'''

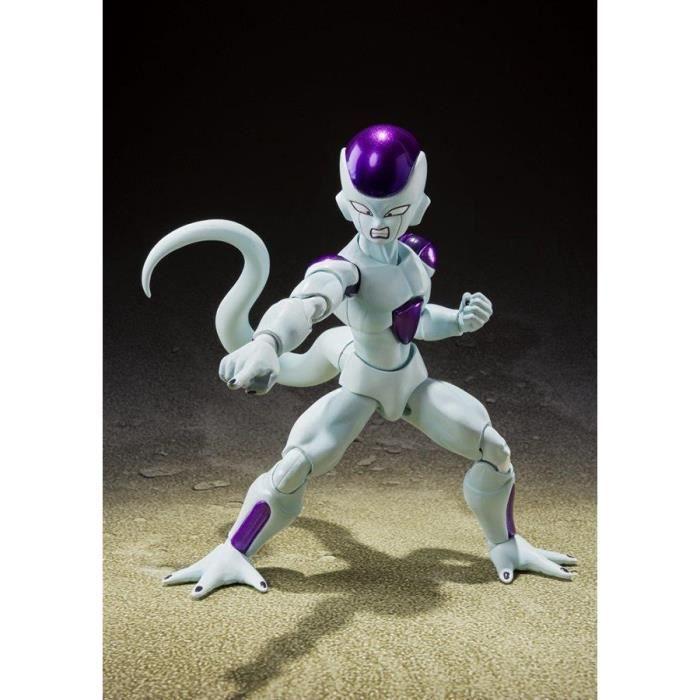 Figurine Dragon Ball Z - Frieza 4th Form S.H.Figuarts 12cm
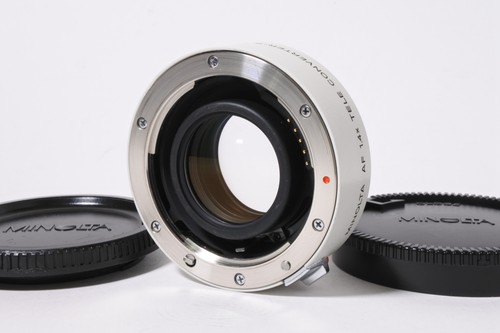 Neuwertig minolta af - minolta, 1.4x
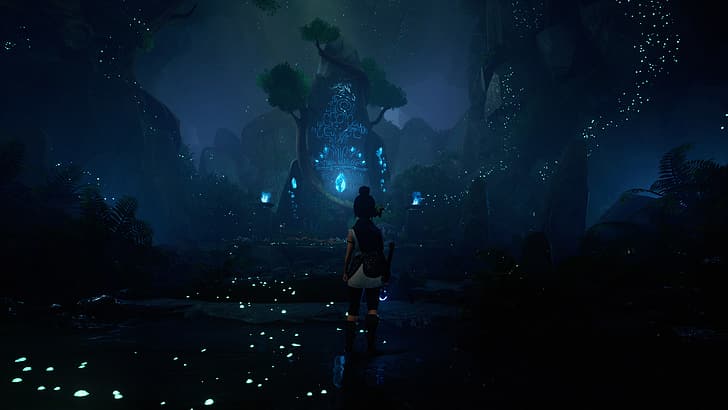 Kena: Bridge of Spirits, 4K, Game CG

'''

Repeat all the data as it stands, dropping any images it holds.

 Figurine Dragon Ball Z - Frieza 4th Form S.H.Figuarts 12cm
 Neuwertig minolta af - minolta, 1.4x
 Kena: Bridge of Spirits, 4K, Game CG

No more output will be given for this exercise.